### Exercise
Every line of the material must be given again verbatim. Skip the images.

### Data excerpt
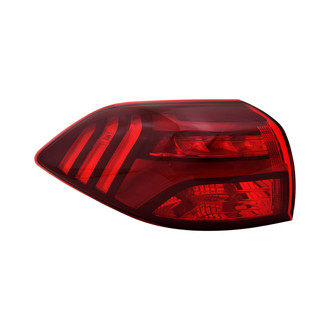 Replace® - Driver Side Outer Replacement Tail Light (CAPA Certified)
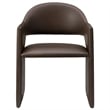 Talia   Vegan Leather Dining Armchair in Espresso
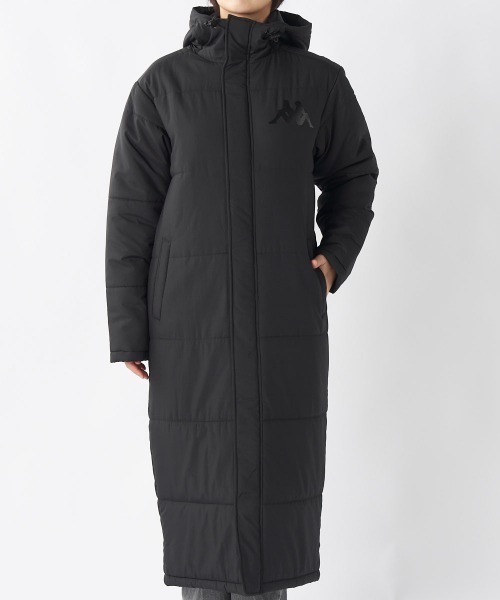 セール】【Kappa/カッパ】レディースロング丈ベンチコート スポーツ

### Task output
 Replace® - Driver Side Outer Replacement Tail Light (CAPA Certified)
 Talia   Vegan Leather Dining Armchair in Espresso
 セール】【Kappa/カッパ】レディースロング丈ベンチコート スポーツ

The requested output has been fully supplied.